DATA SEGMENT:
______________________________
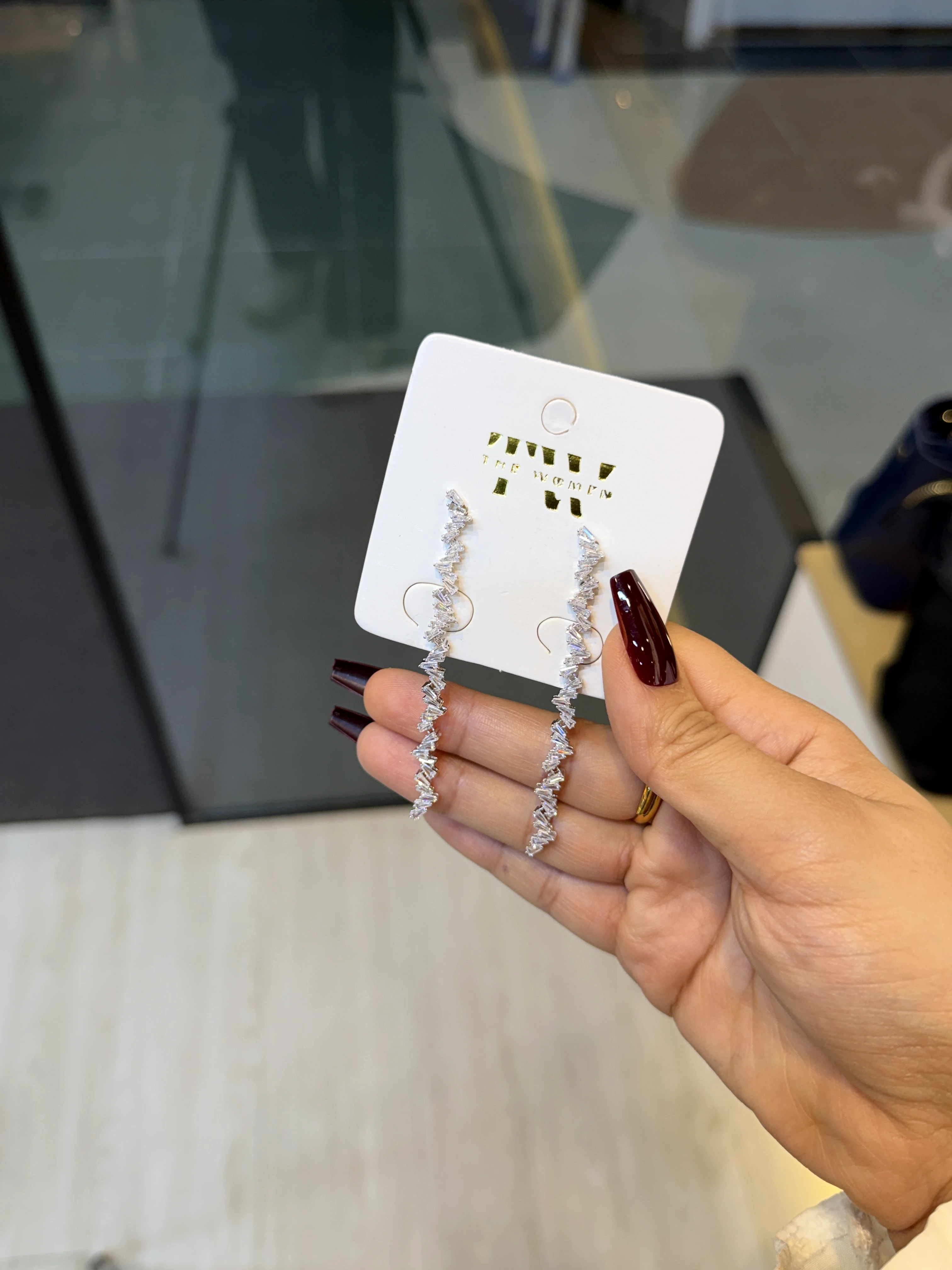 Premium Stone Earring - 1323738K101 (Silver)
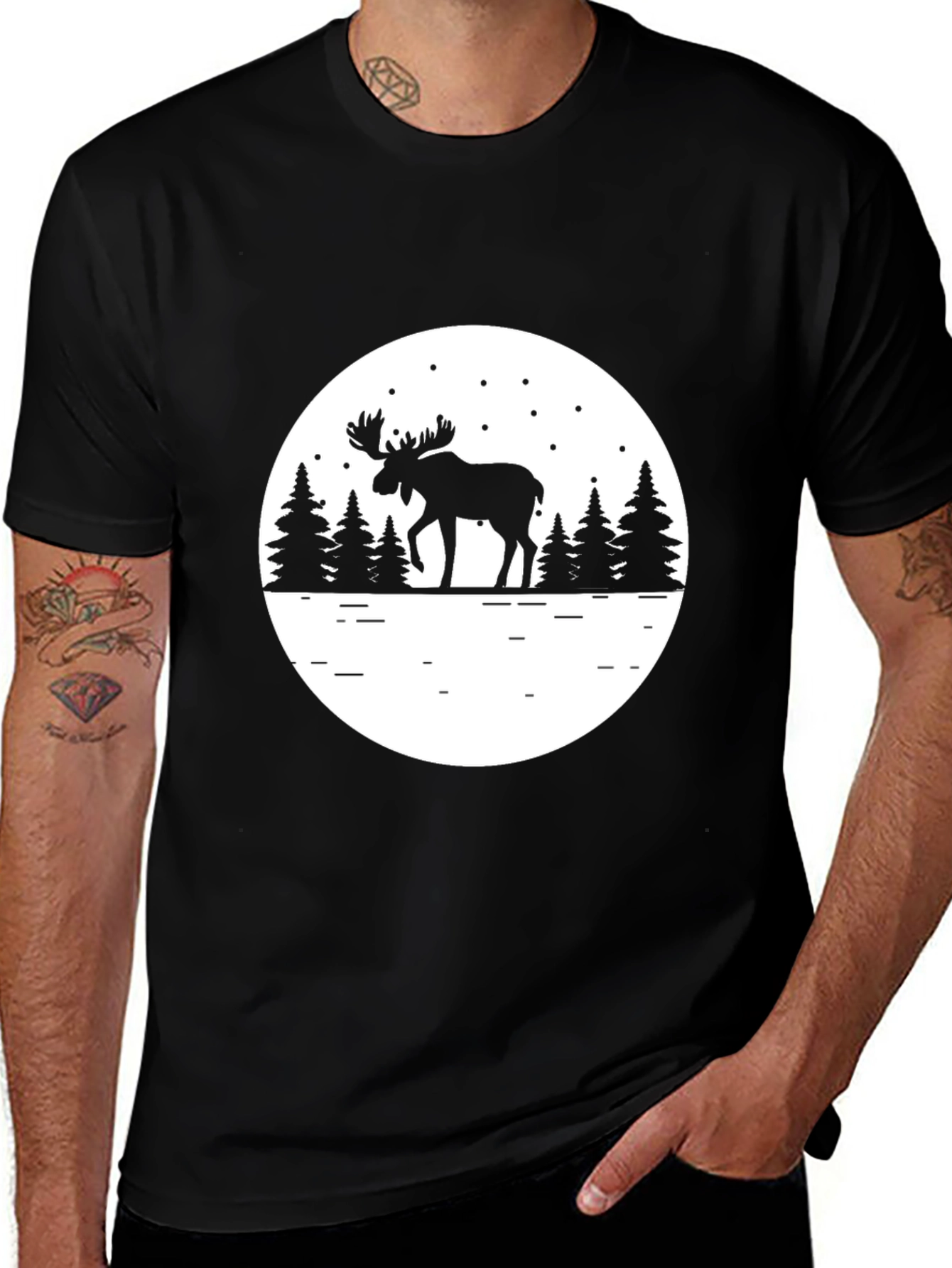 Moose Silhouette Graphic Tee - Black Cotton Comfort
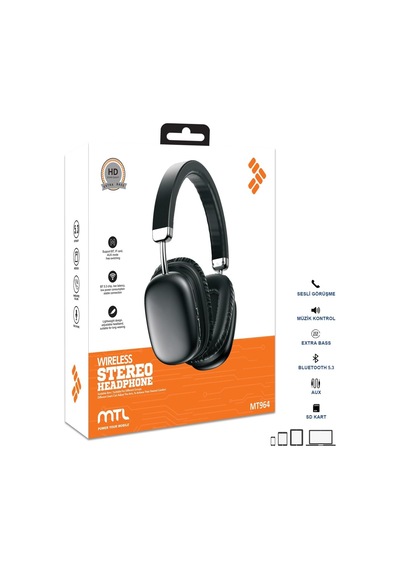 Kablosuz Stereo Kulak Üstü Kulaklık Bluetooth 5.3 İos Ve Android Hd Ses Extra Bass Mt964 Mavi İle Uyumlu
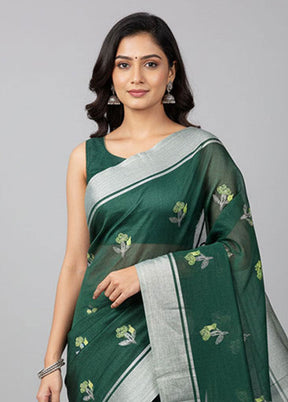 Green Handloom Chanderi Pure Silk Saree With Blouse Piece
______________________________
TASK REQUIREMENTS: Every line of the material above must be written out exactly, with no pictures.

FINISHED EXERCISE:
 Premium Stone Earring - 1323738K101 (Silver)
 Moose Silhouette Graphic Tee - Black Cotton Comfort
 Kablosuz Stereo Kulak Üstü Kulaklık Bluetooth 5.3 İos Ve Android Hd Ses Extra Bass Mt964 Mavi İle Uyumlu
 Green Handloom Chanderi Pure Silk Saree With Blouse Piece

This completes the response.